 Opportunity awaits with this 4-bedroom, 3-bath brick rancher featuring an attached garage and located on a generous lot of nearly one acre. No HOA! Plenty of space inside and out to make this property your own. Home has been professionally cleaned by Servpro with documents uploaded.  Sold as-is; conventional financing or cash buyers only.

----------

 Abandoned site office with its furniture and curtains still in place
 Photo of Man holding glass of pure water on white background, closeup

----------

PROBLEM DETAILS -
Retype the portion of the data above that starts on the line with "Abandoned site office" and finishes on the line with "Photo of Man", including both of those lines.

EXERCISE SOLUTION -
 Abandoned site office with its furniture and curtains still in place
 Photo of Man holding glass of pure water on white background, closeup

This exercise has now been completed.